İmâm-ı Rabbânî Ahmed Fârûkî Serhendî (kuddise sirruh): “Dert ve belâ gelince, Allahü teâlâya sığınmalı, kurtarması ve âfiyet vermesi için duâ etmeli, O’na yalvarmalıdır. Allahü teâlâ duâ edenleri, sıhhat, selâmet ve âfiyet istiyenleri sever” buyurduktan sonra; şunu nakletmiştir: Büyüklerden biri, hep duâ eder, Allahü teâlâdan bir günlük âfiyet isterdi. Adamın biri bu zâta; “Sen hergün âfiyette değil misin?” dedi. “Allahü teâlâdan öyle bir gün istiyorum ki, sabahtan akşama kadar Allahü teâlâya hiçbir günâh işlemiyeyim. Âfiyetle geçen gün böyle olur” buyurdu.

DUÂNIN KABÛL OLMASI İÇİN LÜZÛMLU BAZI ŞARTLAR

Yukarıda bir nebze, duânın ehemmiyeti üzerinde durmaya çalıştık. Şimdi de, kısaca, duânın kabûl olması için lüzûmlu bazı şartlardan bahsetmek istiyoruz.
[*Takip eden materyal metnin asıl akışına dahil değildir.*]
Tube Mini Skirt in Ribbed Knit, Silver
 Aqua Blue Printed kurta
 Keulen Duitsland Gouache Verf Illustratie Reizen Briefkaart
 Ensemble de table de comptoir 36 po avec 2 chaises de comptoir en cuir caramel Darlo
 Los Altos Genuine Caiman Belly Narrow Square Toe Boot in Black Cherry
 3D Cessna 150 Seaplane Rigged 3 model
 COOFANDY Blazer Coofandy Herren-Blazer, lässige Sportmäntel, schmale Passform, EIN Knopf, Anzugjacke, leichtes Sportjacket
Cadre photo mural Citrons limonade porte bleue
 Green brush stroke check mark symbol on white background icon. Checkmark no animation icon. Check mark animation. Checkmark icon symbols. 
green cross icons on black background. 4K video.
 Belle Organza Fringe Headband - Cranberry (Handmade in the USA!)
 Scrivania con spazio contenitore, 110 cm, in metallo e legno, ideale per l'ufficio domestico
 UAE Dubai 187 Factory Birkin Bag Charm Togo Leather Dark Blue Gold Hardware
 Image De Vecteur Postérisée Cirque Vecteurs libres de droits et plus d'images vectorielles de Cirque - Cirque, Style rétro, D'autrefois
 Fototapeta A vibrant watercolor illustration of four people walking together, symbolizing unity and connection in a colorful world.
Duâ, ihtiyâcı gideren, saâdete kavuşturan kapının anahtarıdır. Allahü teâlâ, Mü’min sûresinin altmışıncı âyetinde, “Duâ ediniz, kabûl ederim [isteyiniz, veririm] buyuruyor. Ama duânın kabûl olması için bazı şartlar vardır: İlk önce i’tikâdı düzgün iyi bir müslümân olmalıdır. Helâl yemelidir. Saâdet kapısına kavuşturan anahtarın dişleri helâl lokmadır. Hadîs-i şerîfte de buyurulduğu gibi, harâm lokma yiyenin kırk gün duâsı kabûl olmaz. Sâlihlerin, ana-babalarına itâat ve hizmet edenlerin duâları, ana-babasının, hocasının ve müslümânların arkalarından yapılan duâ, misâfirlerin, oruçluların iftâr vakitlerindeki duâları, âdil idârecilerin [ve hükûmet memûrlarının], mazlûmların, sıkıntıda olanların, sabreden hastaların duâları, mübârek zamanlarda, mübârek yerlerde, namazlardan sonra, Peygamberimizin ve Evliyânın kabirleri yanında, onları vesîle ederek yapılan duâlar çabuk kabûl olur.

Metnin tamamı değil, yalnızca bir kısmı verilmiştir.